Du plus jeune et plus petit des Ogres, c’est toute l’histoire d’une famille et de ses membres qui est contée. Héritage, coutumes, tiraillements... Un superbe récit gothique autour du déterminisme familial.
Petit est le fils du Roi-Ogre. À peine plus grand qu’un simple humain, il porte sur lui le signe de la dégénérescence familiale qui rend chaque génération plus petite que la précédente à force de consanguinité. Son père veut sa mort, mais sa mère voit en lui la possible régénération de la famille puisqu’il pourrait s’accoupler à une humaine tel que le fit jadis le Fondateur de la lignée.
Elle le confie alors à la tante Desdée, la plus ancienne d’entre eux, qui, déshonorée en raison de son amour pour les humains, vit recluse dans une partie de l’immense château. Seulement voilà, contrairement au souhait de sa mère, elle tentera d’élever Petit à l’inverse des mœurs familiales...
Tiraillé entre les pulsions violentes dont il a hérité et l’éducation humaniste qu’il a reçu de Desdée, Petit cherche sa place et veux survivre à l’appétit vorace de sa famille.
Un récit construit sous deux axes narratifs : la bande dessinée raconte l’histoire de Petit, tandis que les textes illustrés se concentrent sur la vie des différents souverains depuis le Fondateur.
Hubert déroule magnifiquement son épais récit initiatique de 174 pages, alternant les séquences BD en noir et blanc avec de brefs focus écrits (de belles lettres !) permettant d’éclairer chaque personnalité de cette étrange généalogie.
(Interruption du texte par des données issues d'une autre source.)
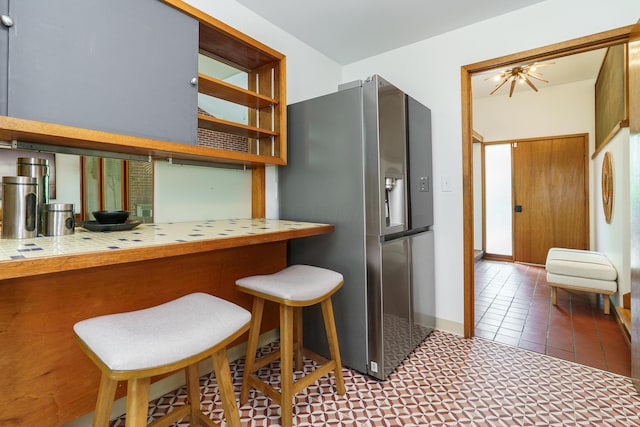 kitchen featuring a kitchen breakfast bar, stainless steel refrigerator with ice dispenser, and tile countertops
De prime abord, on pourrait penser que cette histoire, ce conte de fée, pardon d’ogre, est accessible à de nombreux types de lecteurs…Il n'en est rien, et loin s’en faut. La famille ogre est immensément royale, tant dans ses agissements que dans ses débordements. Ils mangent, se goinfrent, or l’appétit de ces ogres n’a d’égal que leur médiocrité intellectuelle.
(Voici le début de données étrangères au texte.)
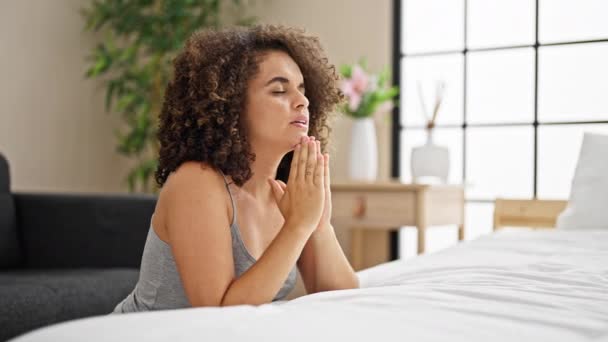 Молодая красивая латиноамериканка сидит на полу и молится в спальне - Кадры, видео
On assiste à une méprise presque naturelle du genre humain, un rejet de cette caste du fait de leur taille, de leur avilissement…et en tant que lecteur, on se sent mal à l’aise, pas à sa place…comme un homme de couleur dans un défilé du Ku Klux Klan…..on tombe dans le sordide, et le politiquement incorrect, mais c’est tellement beau.
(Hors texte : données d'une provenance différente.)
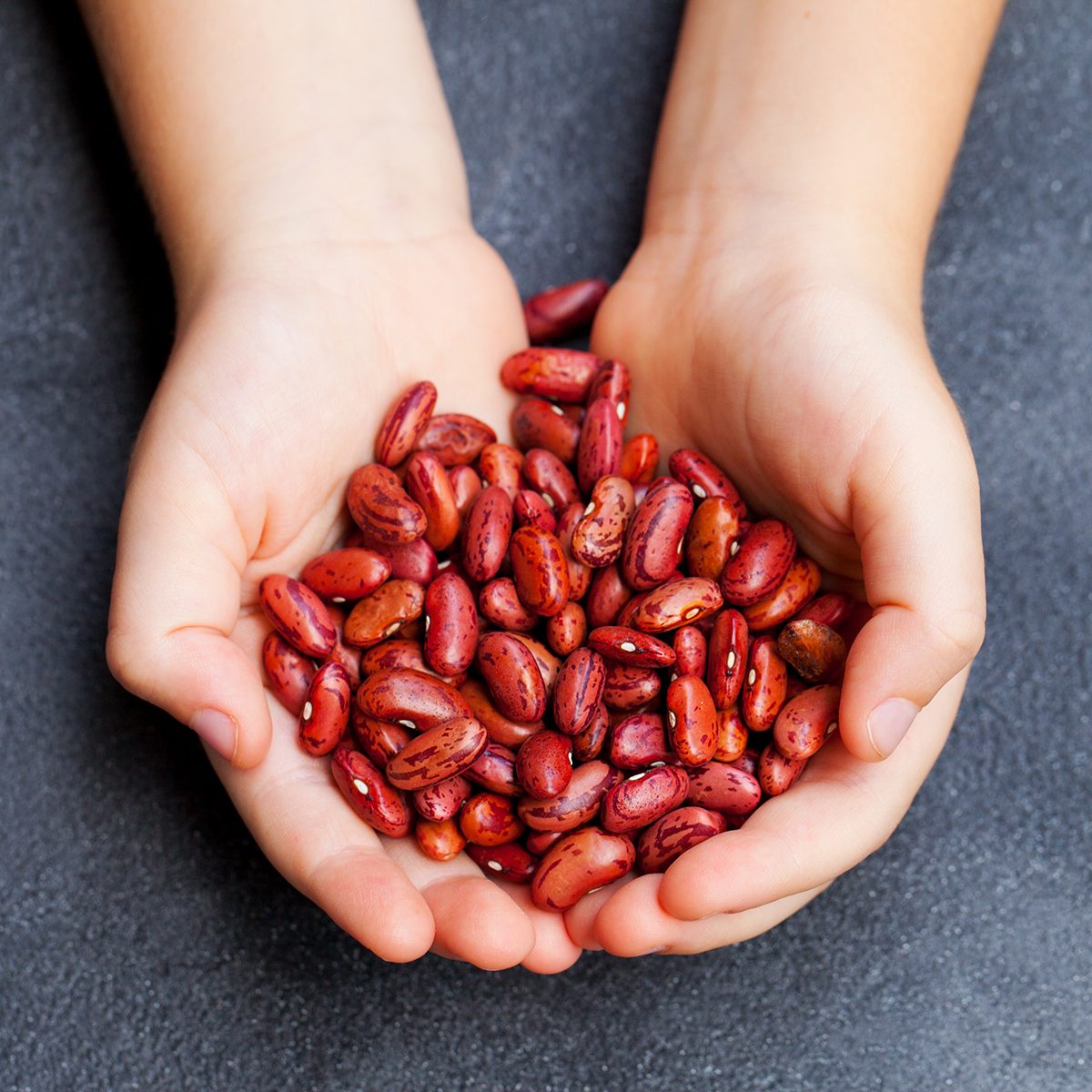 Red kidney beans in kids hands. Grey stone background. Top view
Une attirance particulière pour le dessin hors norme ?
Il fallait bien cela pour illustrer clairement et simplement le gigantisme, l'énormissime, le cathédralesque décors que nous à concocté
Gatignol.
Au travers d'une
ligne claire, un trait qui souligne particulièrement ses personnages au milieu de décors sombres, voir même carrément noirs, ce dessinateur nous permet soit de nous sentir au niveau de l'action (Taille des ogres-dieux), soit carrément de nous mettre au niveau beaucoup plus inférieur, c'est à dire au niveau des hommes, sous-fifres parmi les sous-fifres, et qui renforce encore un peu plus ce sentiment de mal être en lisant cette BD.
Si on vient saupoudré tout cela du scénario que nous a aménagé Hubert, nous arrivons à une recette plutôt réussi. Avec néanmoins ce petit bémol (qui vient certainement de la ligne éditorial dirigée par l'éditeur et sa directrice de collection Barbara Canepa) : Cela fini un peu trop vite à mon goût...Laissons alors planer le doute et l'espoir d'un second tome tout aussi époustouflant.
Dans tout les cas et en guise de conclusion, ce conte gothique hors gabarit, pour adultes, fait du bien dans un paysage bédéphile normalisé, et j’espère qu'il remportera un prix lors du prochain festival d'Angoulême 2016
bd
/ ogre
/ déterminisme familial
Article réalisé par Sébastien Blanquet
Publication : Mercredi 22 Juillet 2015
Illustration : Couverture des Ogres Dieux....La couleur et l'ambiance donnent le ton.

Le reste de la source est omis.